Tradycja to podstawa
Kolejna perełka regionu to Nowa Słupia, a w zasadzie odbywające się w niej „Dymarki Świętokrzyskie”. Impreza organizowana od ponad pół wieku zawsze przyciągała masę turystów. Jednak, tradycja tradycją, a pandemia swoje. Ten rok przyniósł wiele niespodzianek. Mimo to, organizatorzy dymarek postanowili podejść do sprawy z optymizmem.
- W terminie, w którym tradycyjnie miały odbyć się dymarki, będziemy prowadzić dwudniowy wytop żelaza - mówi Agata Sałata, p.o. dyrektora Gminnego Ośrodka Kultury w Nowej Słupi. - Na pewno pojawią się również elementy Świętokrzyskiego Festiwalu Kultury Ludowej. Myślę, że będą to przede wszystkim występy zespołów. Być może uda nam się zorganizować mały koncert w stylu dyskoteki pod chmurką z udziałem lokalnych gwiazd. Wiele zależy od tego, jak rozwinie się sytuacja epidemiologiczna w Polsce. Jednak, naszym marzeniem jest, żeby te trzy najważniejsze elementy dymarek zostały nieprzerwanie zachowane - dodaje.

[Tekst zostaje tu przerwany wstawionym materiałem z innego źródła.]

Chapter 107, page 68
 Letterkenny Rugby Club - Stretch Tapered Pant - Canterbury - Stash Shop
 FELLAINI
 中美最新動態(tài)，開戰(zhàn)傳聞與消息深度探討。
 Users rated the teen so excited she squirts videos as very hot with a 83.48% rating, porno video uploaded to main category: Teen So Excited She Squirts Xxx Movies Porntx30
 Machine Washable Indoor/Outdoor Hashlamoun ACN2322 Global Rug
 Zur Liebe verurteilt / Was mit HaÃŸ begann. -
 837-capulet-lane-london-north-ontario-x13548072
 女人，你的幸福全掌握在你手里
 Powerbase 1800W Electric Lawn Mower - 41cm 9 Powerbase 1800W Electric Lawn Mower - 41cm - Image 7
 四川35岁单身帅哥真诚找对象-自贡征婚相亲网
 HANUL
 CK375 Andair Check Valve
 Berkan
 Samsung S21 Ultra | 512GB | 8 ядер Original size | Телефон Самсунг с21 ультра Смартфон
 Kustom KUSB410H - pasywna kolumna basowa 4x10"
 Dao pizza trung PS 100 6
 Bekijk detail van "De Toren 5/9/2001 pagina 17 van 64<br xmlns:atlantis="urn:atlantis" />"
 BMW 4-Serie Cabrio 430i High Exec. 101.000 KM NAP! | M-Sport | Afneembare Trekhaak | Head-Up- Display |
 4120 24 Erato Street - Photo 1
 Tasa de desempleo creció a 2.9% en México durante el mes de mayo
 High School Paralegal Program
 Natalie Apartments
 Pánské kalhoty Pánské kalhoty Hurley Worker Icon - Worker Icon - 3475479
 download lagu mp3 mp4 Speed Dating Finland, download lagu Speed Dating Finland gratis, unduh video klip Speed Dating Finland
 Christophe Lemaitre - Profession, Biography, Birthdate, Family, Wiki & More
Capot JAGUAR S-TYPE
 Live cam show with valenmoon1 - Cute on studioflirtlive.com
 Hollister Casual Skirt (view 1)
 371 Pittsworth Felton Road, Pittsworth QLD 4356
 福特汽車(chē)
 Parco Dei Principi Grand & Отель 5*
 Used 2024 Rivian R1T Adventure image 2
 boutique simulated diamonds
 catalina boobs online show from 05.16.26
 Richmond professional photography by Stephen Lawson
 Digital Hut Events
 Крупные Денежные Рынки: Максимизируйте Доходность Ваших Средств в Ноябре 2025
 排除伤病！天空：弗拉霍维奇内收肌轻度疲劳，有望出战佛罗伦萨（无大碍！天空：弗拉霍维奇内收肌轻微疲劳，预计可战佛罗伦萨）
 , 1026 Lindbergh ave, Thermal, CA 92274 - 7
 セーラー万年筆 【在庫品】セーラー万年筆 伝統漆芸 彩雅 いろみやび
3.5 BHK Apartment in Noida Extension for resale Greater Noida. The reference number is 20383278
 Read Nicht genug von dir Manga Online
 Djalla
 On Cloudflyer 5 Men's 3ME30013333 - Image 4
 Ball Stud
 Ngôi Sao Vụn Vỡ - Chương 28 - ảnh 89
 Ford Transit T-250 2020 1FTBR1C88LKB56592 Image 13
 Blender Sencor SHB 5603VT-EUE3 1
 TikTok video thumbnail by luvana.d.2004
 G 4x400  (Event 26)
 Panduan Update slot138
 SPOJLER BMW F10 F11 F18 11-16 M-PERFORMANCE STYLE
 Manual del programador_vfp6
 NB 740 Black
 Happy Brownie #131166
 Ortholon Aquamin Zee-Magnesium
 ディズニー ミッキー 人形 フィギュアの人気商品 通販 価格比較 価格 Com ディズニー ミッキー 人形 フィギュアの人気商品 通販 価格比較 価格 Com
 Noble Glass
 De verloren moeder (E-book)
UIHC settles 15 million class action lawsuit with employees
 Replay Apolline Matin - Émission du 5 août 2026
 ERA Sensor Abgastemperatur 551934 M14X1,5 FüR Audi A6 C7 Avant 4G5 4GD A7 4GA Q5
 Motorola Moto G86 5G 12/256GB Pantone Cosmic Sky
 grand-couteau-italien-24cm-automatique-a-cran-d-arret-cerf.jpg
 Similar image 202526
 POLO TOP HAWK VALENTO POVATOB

Nowa Słupia zaprasza również do zwiedzania Centrum Kulturowo-Archeologicznego, które już od lipca ma być otwarte siedem dni w tygodniu.
Na turystów czekają również mury Zamku Królewskiego w Chęcinach. Ten z kolei funkcjonuje z pewnymi ograniczeniami. Jak informuje Patrycja Ziętek, wejście na wieżę widokową odbywa się w systemie wahadłowym pojedynczo lub, w przypadku rodzin, w maksymalnie sześcioosobowych grupach. Strzelanie z łuku, przymierzanie elementów zbroi, a także sesja fotograficzna na koniu to atrakcje wyłączone do odwołania.
Podsumowując, pandemia przyniosła za sobą wiele wyzwań, przede wszystkim dla osób żyjących z turystyki. Ci, po blisko trzech miesiącach, postanowili wrócić do gry. Czy ze zdwojoną siłą? To pokażą najbliższe miesiące. Jedno jest pewne, bez zwiedzających nie będzie im łatwo. Dlatego zachęcamy, odkryjcie świętokrzyskie na nowo!